TAIPEI (Taiwan News) — Reports say one third of polling station staff during the nine-in-one elections on Nov. 24 were new.
According to CNA, the Central Election Committee submitted a report to the Legislative Yuan that stated a third of all attendees at polling stations had never worked an election before.
The public were heavily dissatisfied with how the election was handled. Many reported waiting in line for hours to vote, as well as misconduct in stations and surrounding areas.
Some were told they would be able to vote in the local elections but not the referendums, as the relevant papers were no longer available. People also complained that the CEC posted results too early, before many had even had the opportunity to vote.
CEC Chairman Chen In-chin (陳英鈐) announced his resignation the next day as a result.
The Legislative Yuan is to invite CEC Vice-Chairman Macoto Chen (陳朝建), Executive Yuan Secretary-General Chuo Rung-tai (卓荣泰) and Interior Minister Hsu Kuo-yung (徐國勇) to discuss the disorder of this year’s elections, as well as independence, impartiality, and how to make concrete improvements in other related areas tomorrow (Dec. 3).
Nearly 296,000 people were recruited to help out during the nine-in-one. Although all personnel went through relative training procedures, for one third it was their first time working an election.

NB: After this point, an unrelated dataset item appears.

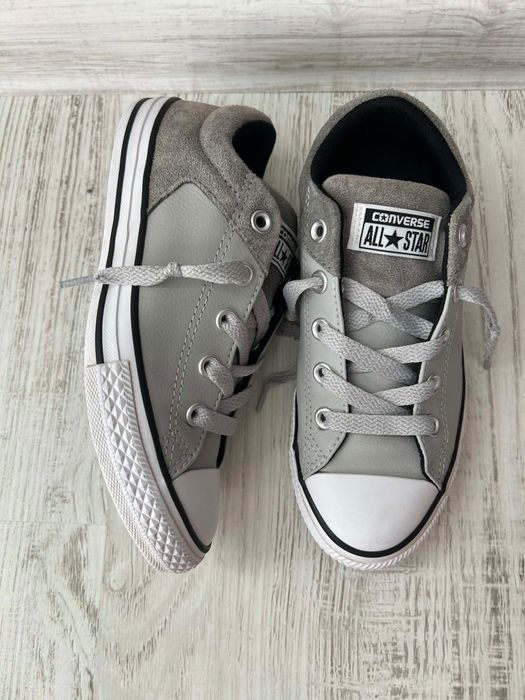 Оригинални кожени кецове Converse All Star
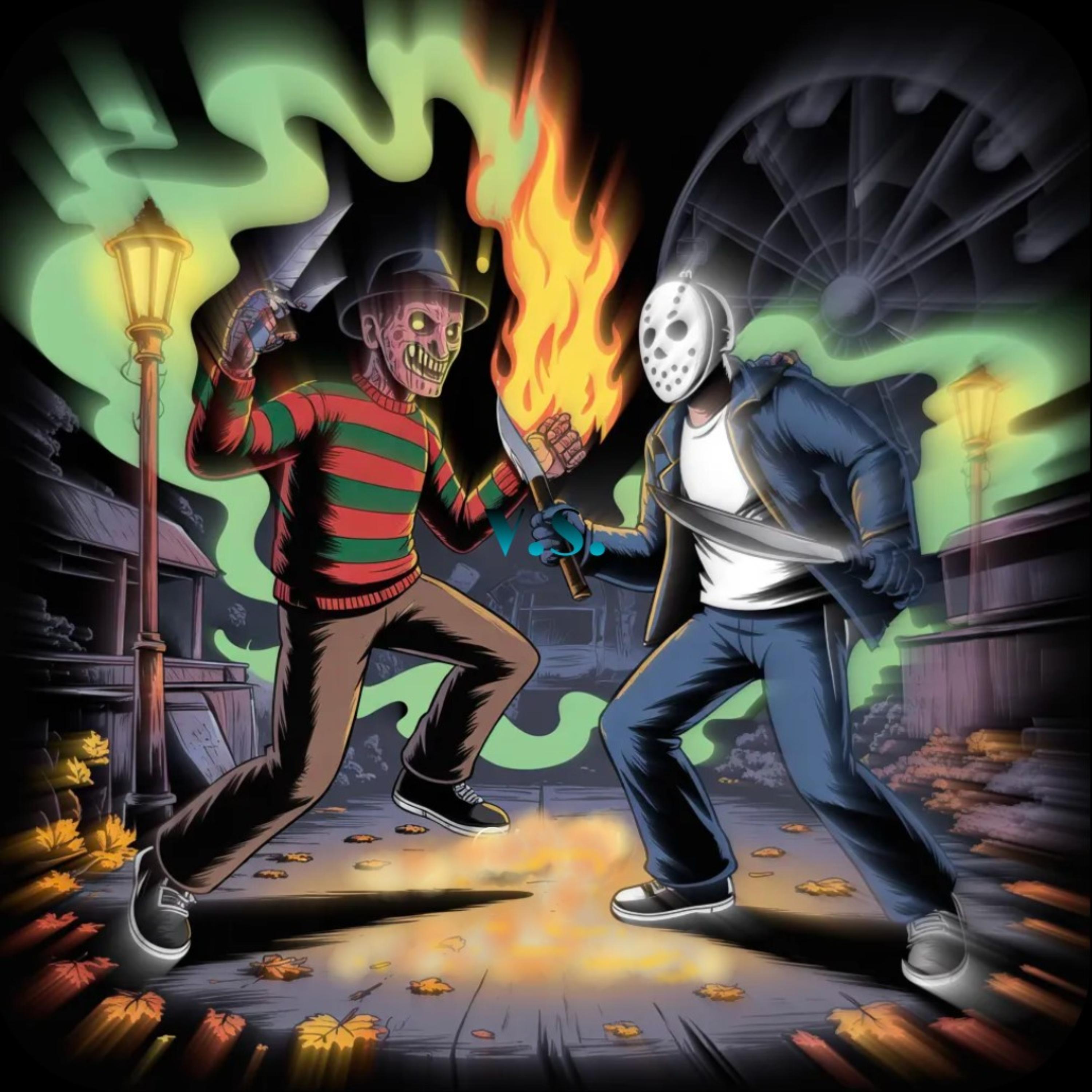 Freddy V.S Jason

Due to their lack of experience, many were unable to respond effectively to complaints or exhibited behaviors that were regarded as inappropriate. A report from the CEC pointed out that the staff worked long hours under a lot of pressure dealing with complicated issues, which caused slip-ups.
The CEC said voting procedures will be simplified in the future. Staff education and training will be strengthened too, they added.